------ Data for analysis ------

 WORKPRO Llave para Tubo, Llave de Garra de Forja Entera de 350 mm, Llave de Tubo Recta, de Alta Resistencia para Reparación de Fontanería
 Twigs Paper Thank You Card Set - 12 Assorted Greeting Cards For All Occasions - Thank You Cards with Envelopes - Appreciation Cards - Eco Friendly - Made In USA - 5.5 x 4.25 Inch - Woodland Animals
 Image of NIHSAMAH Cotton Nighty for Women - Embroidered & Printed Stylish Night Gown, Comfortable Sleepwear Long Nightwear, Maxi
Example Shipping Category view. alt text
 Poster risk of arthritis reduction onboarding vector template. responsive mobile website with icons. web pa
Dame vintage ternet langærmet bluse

------
------ Data for analysis ------

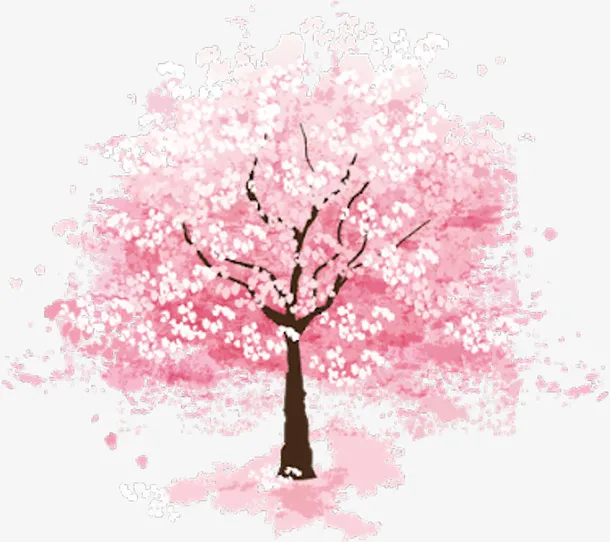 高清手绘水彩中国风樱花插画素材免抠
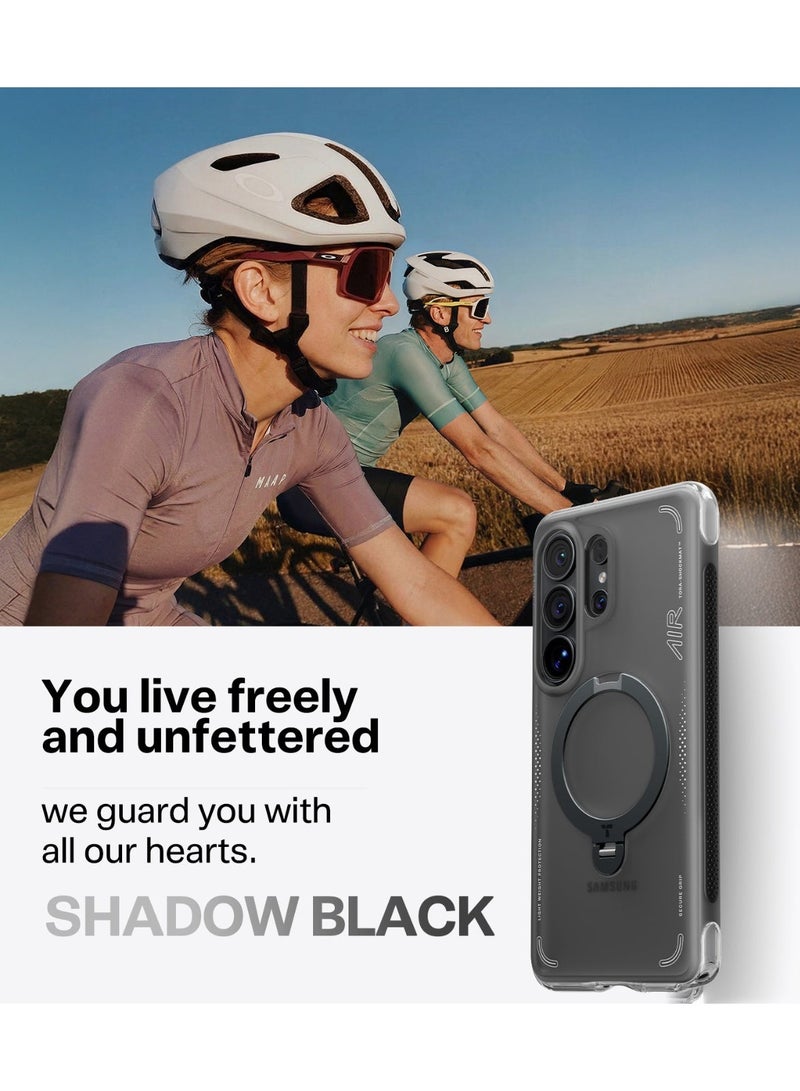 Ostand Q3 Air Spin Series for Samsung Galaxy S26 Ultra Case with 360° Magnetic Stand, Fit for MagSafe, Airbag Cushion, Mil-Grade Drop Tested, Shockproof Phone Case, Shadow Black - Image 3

------

Would you print exactly and only the lines of the material above that run from the line with "WORKPRO Llave para" through the line with "Dame vintage ternet langærmet bluse", both included?

 WORKPRO Llave para Tubo, Llave de Garra de Forja Entera de 350 mm, Llave de Tubo Recta, de Alta Resistencia para Reparación de Fontanería
 Twigs Paper Thank You Card Set - 12 Assorted Greeting Cards For All Occasions - Thank You Cards with Envelopes - Appreciation Cards - Eco Friendly - Made In USA - 5.5 x 4.25 Inch - Woodland Animals
 Image of NIHSAMAH Cotton Nighty for Women - Embroidered & Printed Stylish Night Gown, Comfortable Sleepwear Long Nightwear, Maxi
Example Shipping Category view. alt text
 Poster risk of arthritis reduction onboarding vector template. responsive mobile website with icons. web pa
Dame vintage ternet langærmet bluse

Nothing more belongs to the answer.